Using a RegEx in a SQL Query

Here's the situation I'm in: We have a field in our database that contains a 3 digit number, surrounded by some text. This number is actually a PK in another table, and I need to extract this out so I can implement a proper FK relationship. Here's an example of what would currently reside in the column:
Some Text Goes Here - (305) Followed By Some More Text
So, what I'm looking to do is extract the '305' from the column, and hopefully end up with a result that looks something like this (pseudo code)
SELECT
<My Extracted Value>,
Original Column Text,
Id
FROM dbo.MyTable
It seems to me that using a Regex match in my query is the most effective way to do this.

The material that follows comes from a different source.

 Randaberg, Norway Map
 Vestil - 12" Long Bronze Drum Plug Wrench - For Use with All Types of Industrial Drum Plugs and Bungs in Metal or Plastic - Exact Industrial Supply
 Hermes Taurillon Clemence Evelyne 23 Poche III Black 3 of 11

Can anybody point me in the right direction?
EDIT: We're using SQL Server 2005
RegExp in SQL is defined by a SQL-Standard but most databases implemented their own syntax, you should tell us the product name of your RDBMS ;)
This is based on Pranay's first answer that has since been changed.

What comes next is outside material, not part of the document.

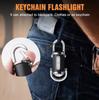 Portable Keychain Work Light Mini LED Flashlight USB Charging Multifunctional Emergency Torch with Carabiner for Outdoor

DECLARE #NumStr varchar(1000)
SET #NumStr = 'Some Text Goes Here - (305) Followed By Some More Text';
SELECT SUBSTRING(#NumStr,PATINDEX('%[0-9][0-9][0-9]%',#NumStr),3)
Returns 305
Microsoft seems to suggest using a CLR assembly to do Regex pattern matching in SQL Server 2005.
http://msdn.microsoft.com/en-us/magazine/cc163473.aspx
Apart from LIKE (which is not going to solve your problem) I don't know of a built-in pattern matching functionality in SQL Server 2005 (that is, more advanced than simple string searches).
Just after I implemented a solution in Postgres, I see you are using SqlServer... Just for the records, then, with a regex that extracts data in parenthesis.
Postgresql solution:
create table main(id text not null)
insert into main values('some text (44) other text');
insert into main values('and more text (78) and even more');
select substring(id from '\\(([^\\(]+)\\)') from main
The only way to access RegEx-type functions in SQL 2005 (and probably 2008) is by writing (or downloading) and using CLR functions.
If all the strings are always formatted in such a way as you can identify the specific numbers you want, you can do something like the following. This is based on the (big) assumption that the first set of parenthesis found in the string contains the number that you want.
/*
CREATE TABLE MyTable
(
MyText varchar(500) not null
)
INSERT MyTable values ('Some Text Goes Here - (305) Followed By Some More Text')
*/
SELECT
MyText -- String
,charindex('(', MyText) -- Where's the open parenthesis
,charindex(')', MyText) -- Where's the closed parenthesis
,substring(MyText
,charindex('(', MyText) + 1, charindex(')'
,MyText) - charindex('(', MyText) - 1) -- Glom it all together
from MyTable
Awkward as heck (because SQL has a pathetically limited set of string manipulation functions), but it works.